La plupart des organisations considèrent encore la performance de l’IA comme un problème d’adoption.
Quand les résultats ne sont pas au rendez-vous, elles ajoutent davantage d’outils, de licences, d’agents, d’injonctions et de tableaux de bord. Mais l’accès n’a jamais suffi. La vraie question était de savoir si l’IA pouvait fonctionner au sein des workflows, du contexte de l’entreprise et des pratiques opérationnelles qui déterminent comment le travail est réellement effectué. L’adoption n’est plus la principale contrainte.

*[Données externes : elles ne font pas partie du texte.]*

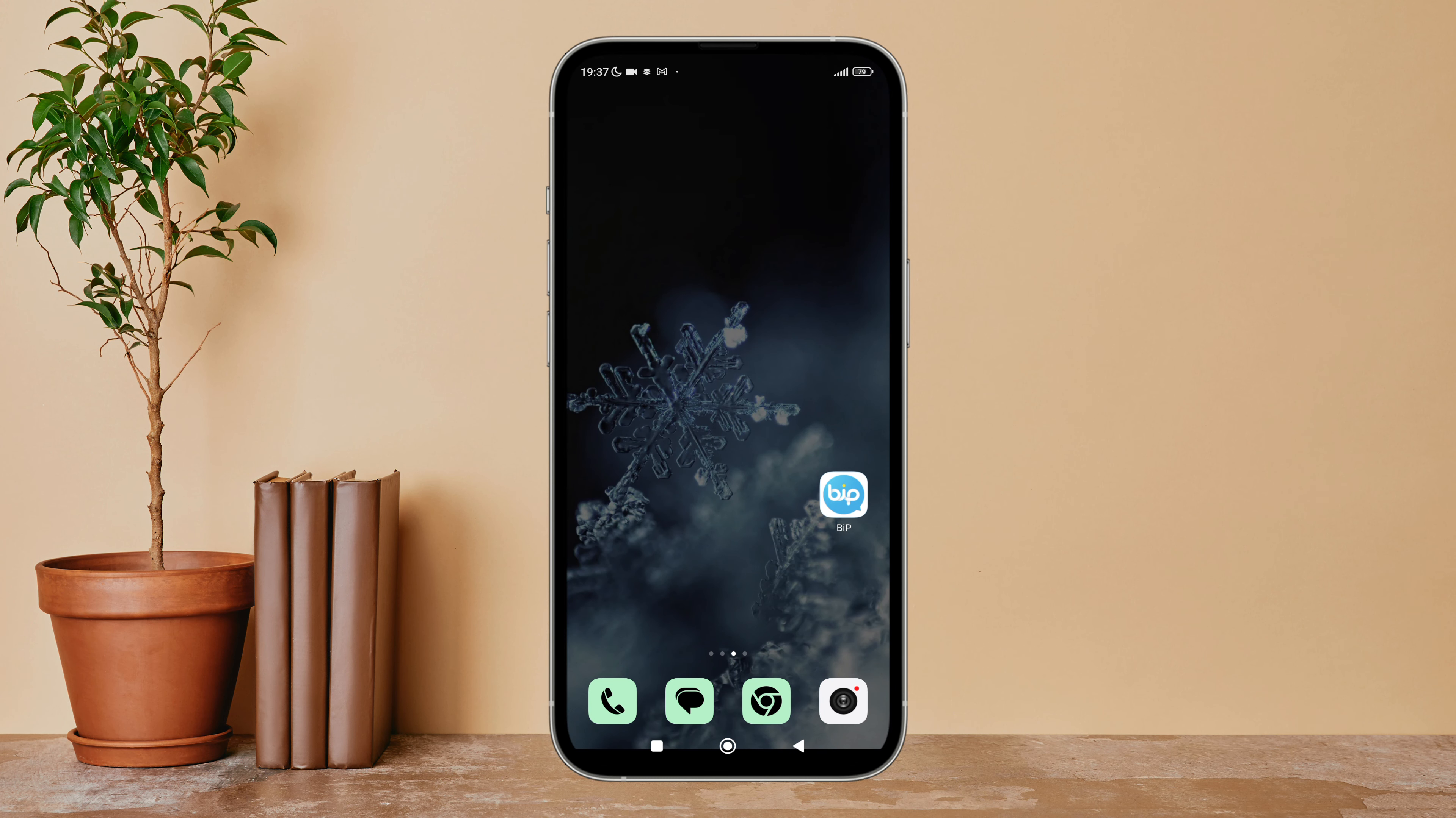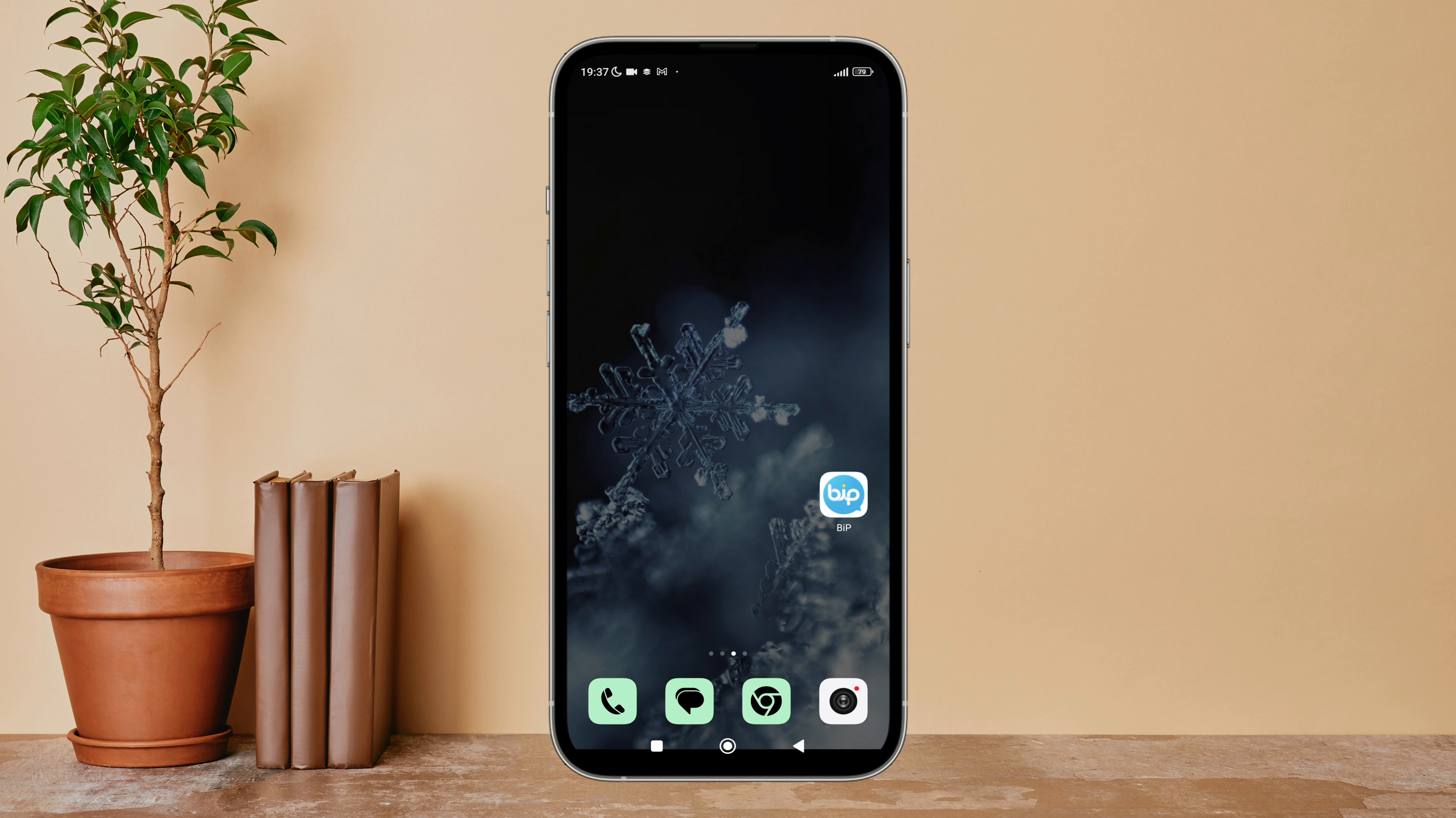Hello everyone, welcome back to another episode of Technology Glance. Today in this video I'm going to guide you through how you can show previews of SMS notifications on BIP. So let's get started. Firstly, open the BIP app in your device.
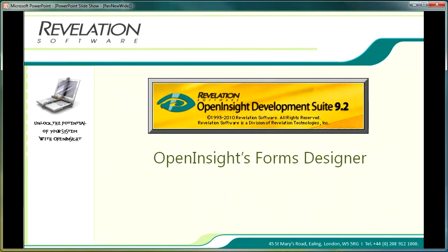Hi, this is Martin for Revelation Software and welcome to the next video in my series looking at getting started with OpenInsight. In this video we will be taking a look at the OI forms designer and in particular creating a data aware form using the patient table that we built in the previous lesson.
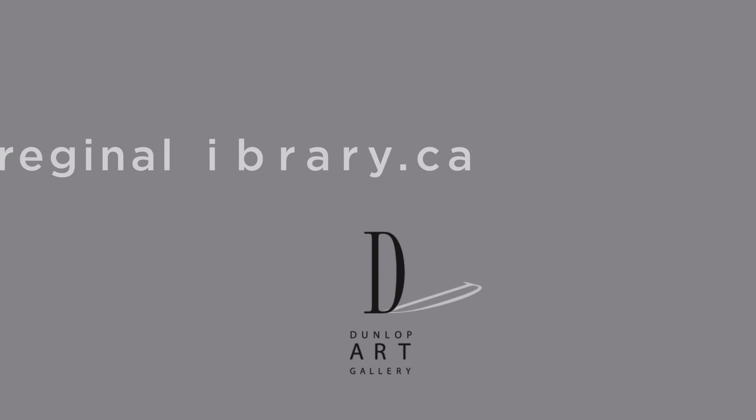Until next time friends, take care! For more information, go to reginallibrary.ca.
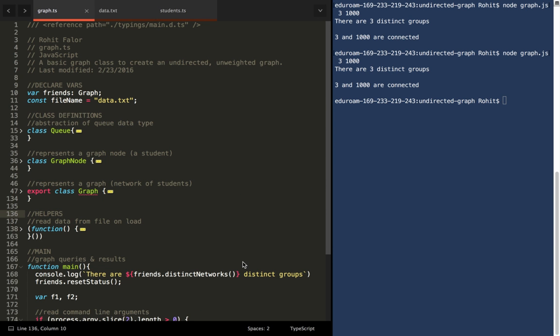Hello, here's an implementation of an undirected, unweighted graph in JavaScript, and we'll be using TypeScript for this, which is essentially a superset of JS.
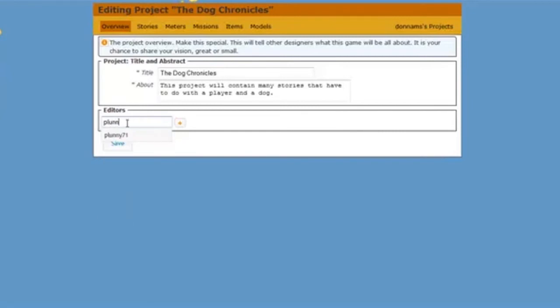And once you type in a few letters, all of the usernames that match will come up, and you could just click the plus sign to add them.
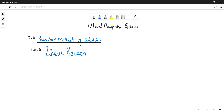Assalamu alaikum students, this is Farah Batool, your O-level computer science instructor. Welcome to another video. As we are looking at the different standard methods in your book, in this video we are going to see the fourth standard method, which is the linear search method.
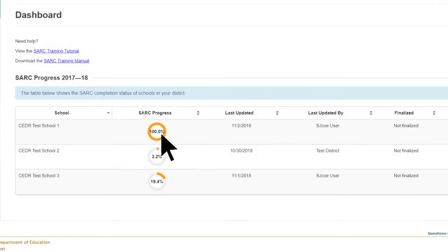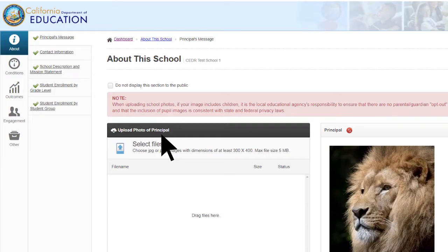The sections and subsections do not need to be completed in any specific order. The goal is to have 100% complete progress in the SARC progress column of the Dashboard. This is required in order for the Post button to become available in the Actions column.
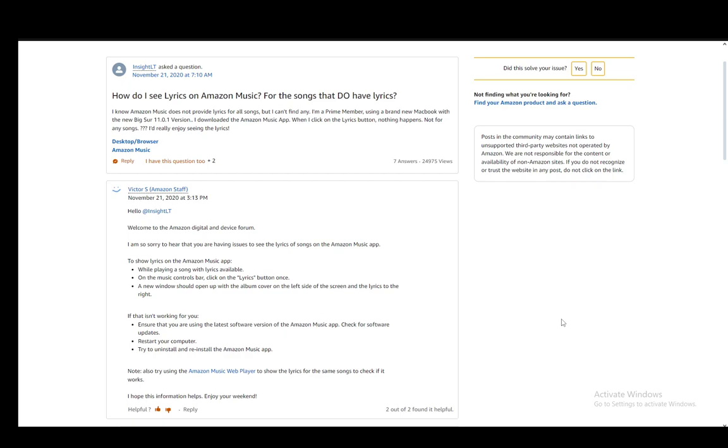Now, as you can see, I am on a community post on the Amazon forums and this person is having trouble finding the actual lyrics.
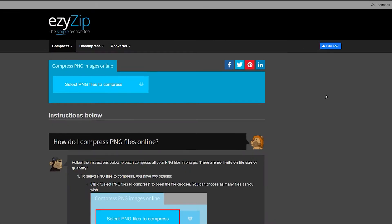Firstly, navigate your way to the Compressed PNG Images Online page on EasyZip. The link will be in the description.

L’ Work AI Index 2026, du Work AI Institute de Glean, a révélé que 87% des travailleurs du numérique utilisent l’IA au travail, 75% disent qu’elle les rend plus productifs, et les employés déclarent économiser environ 11 heures par semaine grâce à l’automatisation par l’IA.
Pourtant, seuls 13% affirment que leur organisation obtient des performances nettement meilleures grâce à elle.
Nous appelons ces entreprises des organisations transformatrices : des sociétés dont les employés disent que l’IA a significativement amélioré les performances et les résultats de l’organisation.
Nous avons interrogé 6 000 travailleurs du numérique à temps plein aux États-Unis, au Royaume-Uni et en Australie, échangé avec des dizaines de leaders de l’IA, et analysé des interactions d’IA en entreprise anonymisées et agrégées issues de la plateforme d’IA d’entreprise de Glean afin de comprendre ce qui les distingue.
La différence la plus surprenante tient à la manière dont leurs employés passent leur temps.
Les employés des organisations qui ne constatent aucun impact, un impact négatif ou restent dans l’incertitude consacrent 49% de leur temps lié à l’IA à l’utilisation directe d’outils d’IA. Dans les organisations transformatrices, ce chiffre tombe à 27%.
Ils n’évitent pas l’IA. Ils consacrent davantage de leur temps lié à l’IA au travail qui l’entoure : fournir du contexte, vérifier les résultats, intégrer les outputs dans de vrais workflows et décider quand l’IA ne doit pas être utilisée.
C’est la différence entre l’activité IA et l’impact IA.
Ils mesurent les résultats, pas seulement l’activité
De nombreuses organisations suivent l’IA via ce qui est le plus simple à compter :
- Tokens consommés
- Prompts soumis
- Outils activés
- Agents créés
- Lignes de code générées
- Taux de connexion et d’adoption
Ces métriques peuvent indiquer si les employés utilisent l’IA. Elles ne peuvent pas dire si le travail est exact, utile ou prêt à avancer.
Les organisations transformatrices mesurent l’IA selon 5 dimensions en moyenne, contre 3 dans les autres organisations. Elles sont plus susceptibles de suivre la qualité, la productivité, le temps gagné, les compétences en IA, l’engagement des employés et la croissance du chiffre d’affaires.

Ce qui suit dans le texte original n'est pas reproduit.